── SUPPLIED RECORDS ──

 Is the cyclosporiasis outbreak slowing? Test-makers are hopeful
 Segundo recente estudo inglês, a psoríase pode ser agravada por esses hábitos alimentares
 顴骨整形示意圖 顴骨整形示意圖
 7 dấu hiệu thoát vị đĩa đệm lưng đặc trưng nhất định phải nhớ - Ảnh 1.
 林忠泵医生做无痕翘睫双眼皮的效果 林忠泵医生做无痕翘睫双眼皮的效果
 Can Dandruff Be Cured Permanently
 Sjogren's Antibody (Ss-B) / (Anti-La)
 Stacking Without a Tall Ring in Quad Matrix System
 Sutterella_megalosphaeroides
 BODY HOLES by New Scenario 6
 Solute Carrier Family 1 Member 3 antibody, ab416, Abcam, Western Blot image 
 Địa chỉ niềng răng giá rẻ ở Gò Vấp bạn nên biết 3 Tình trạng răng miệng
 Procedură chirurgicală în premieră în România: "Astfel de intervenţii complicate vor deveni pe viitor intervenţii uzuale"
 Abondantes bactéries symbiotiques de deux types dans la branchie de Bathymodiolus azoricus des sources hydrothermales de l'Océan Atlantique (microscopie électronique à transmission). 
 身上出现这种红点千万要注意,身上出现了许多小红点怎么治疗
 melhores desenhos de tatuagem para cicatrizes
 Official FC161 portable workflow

───

Send back the complete set of entries, exactly as shown above.

RESPONSE TO THIS EXERCISE>
 Is the cyclosporiasis outbreak slowing? Test-makers are hopeful
 Segundo recente estudo inglês, a psoríase pode ser agravada por esses hábitos alimentares
 顴骨整形示意圖 顴骨整形示意圖
 7 dấu hiệu thoát vị đĩa đệm lưng đặc trưng nhất định phải nhớ - Ảnh 1.
 林忠泵医生做无痕翘睫双眼皮的效果 林忠泵医生做无痕翘睫双眼皮的效果
 Can Dandruff Be Cured Permanently
 Sjogren's Antibody (Ss-B) / (Anti-La)
 Stacking Without a Tall Ring in Quad Matrix System
 Sutterella_megalosphaeroides
 BODY HOLES by New Scenario 6
 Solute Carrier Family 1 Member 3 antibody, ab416, Abcam, Western Blot image 
 Địa chỉ niềng răng giá rẻ ở Gò Vấp bạn nên biết 3 Tình trạng răng miệng
 Procedură chirurgicală în premieră în România: "Astfel de intervenţii complicate vor deveni pe viitor intervenţii uzuale"
 Abondantes bactéries symbiotiques de deux types dans la branchie de Bathymodiolus azoricus des sources hydrothermales de l'Océan Atlantique (microscopie électronique à transmission). 
 身上出现这种红点千万要注意,身上出现了许多小红点怎么治疗
 melhores desenhos de tatuagem para cicatrizes
 Official FC161 portable workflow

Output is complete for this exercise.